Dr Martill said the Romanian response to this week’s drone attacks exposed the thought process of a country focused on calming fear within its own borders.
“The messaging is a proportionate response given the proximity of the attacks,” he said. “Usually one would find government statements to be a tad more superfluous about the extent of threat, because it suits them politically, so this speaks to the Romanian government being genuinely concerned and thinking more about the domestic than the international audience here.”
Odesa, Ukraine's biggest port, shipped millions of tonnes of grain from its docks under a deal brokered by the US and Turkey last year. However, that arrangement, which allowed cargo ships to sail along a corridor in the Black Sea, came to an end in July when Russia withdrew. Russia has since attacked targets linked to grain infrastructure.
An alternative route, through the Sulina Channel — a 40-mile stretch of water leading from the Black Sea to Romanian, Ukrainian and Moldovan ports in the Delta – has been started. Romania’s defence ministry said Constanta has become “the main alternative grain route” since Moscow’s withdrawal.
It added that intelligence, surveillance and reconnaissance capabilities – often known as NATO’s “eyes in the sky” – are now “deployed on a 24/7 basis over Romania and its territorial waters in the Black Sea”.

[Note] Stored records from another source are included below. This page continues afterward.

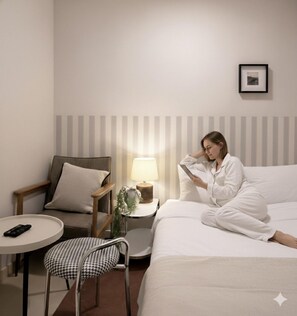 Romantic Double Room | Laptop workspace, free WiFi - Yellow stay (Bucheon)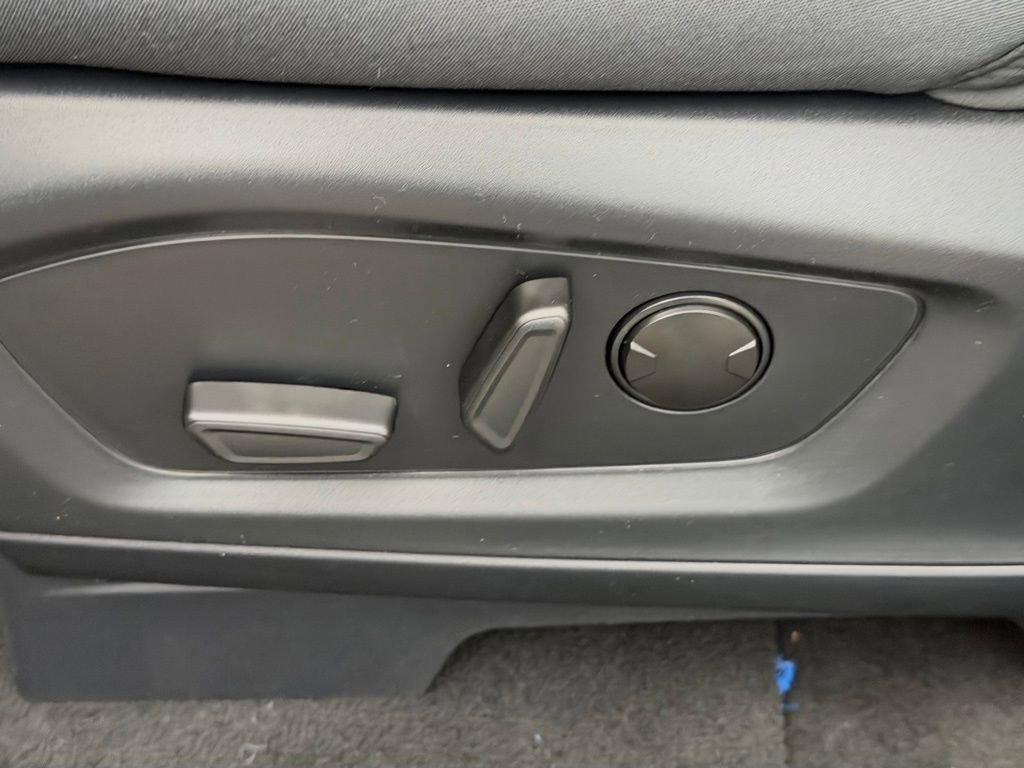 New 2026 Ford Explorer Active image 15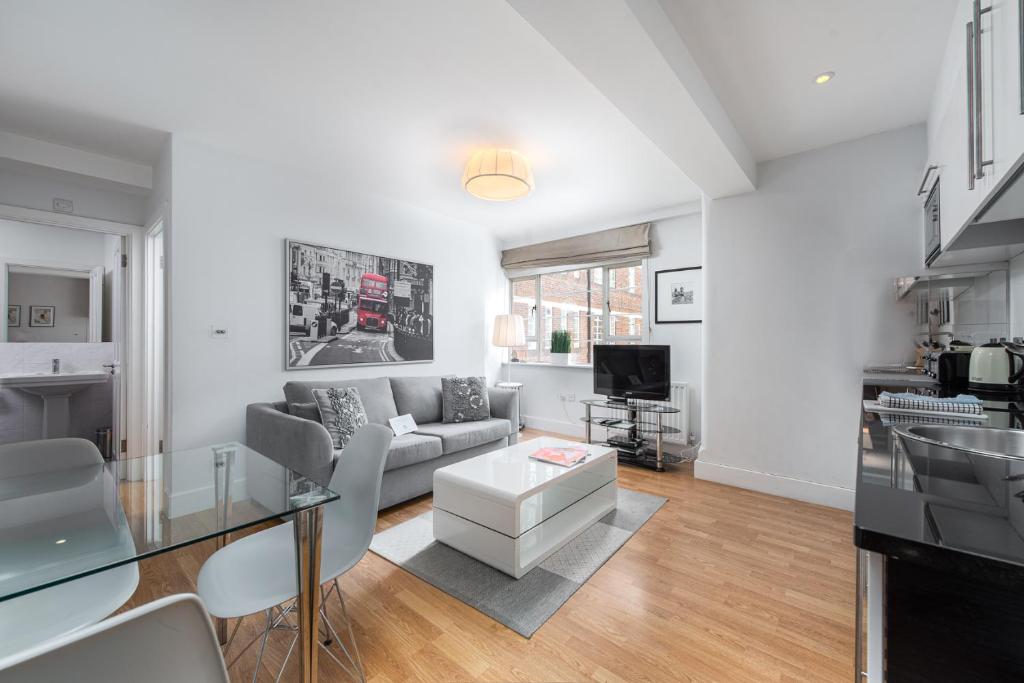 Apartment 323, Nell Gwynn House, Chelsea
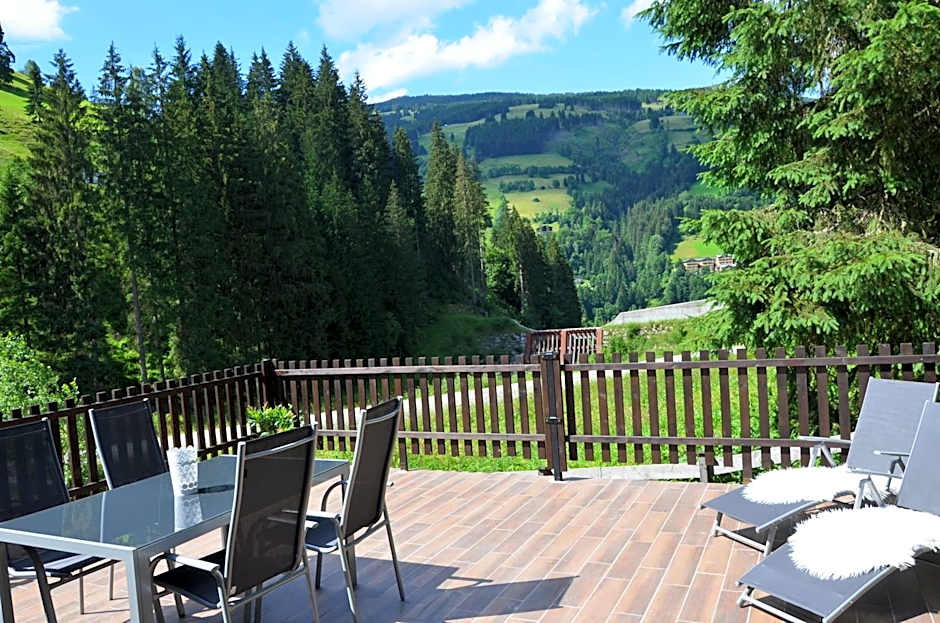 Dahoam by Sarina - Rooms & Suites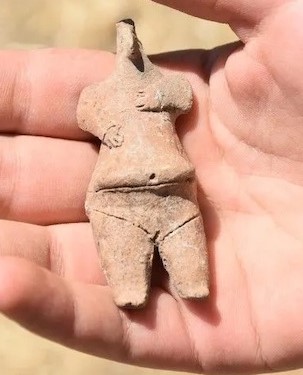 Ulucak Höyüğü’nde 7.800 Yıllık Kadın Figürü Bulundu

However, Dr Martill said any escalation of Russia's activities beyond “this very well-established boundary” of Romania's borders would represent a “staggering escalation of the conflict”.
“It is certainly the case that Romania is among those states most worried about the effects of Russian aggression in the region and for its close neighbours,” he said. “Romania is closest politically and geographically to Moldova, another potential flashpoint where we know the Kremlin has designs, and Romania is most exposed to refugee flows should Russia shift its sights towards Moldova and Transnistria.
“I think what matters most though is that both sides have an incentive to avoid escalation, so in each case you will see a very careful appraisal of the facts, especially within Western Europe, rather than a knee-jerk reaction.
“And equally at least some restraint on [Vladimir] Putin's side, because it is both bad strategy and bad PR to provoke NATO into offering any more support to Ukraine.”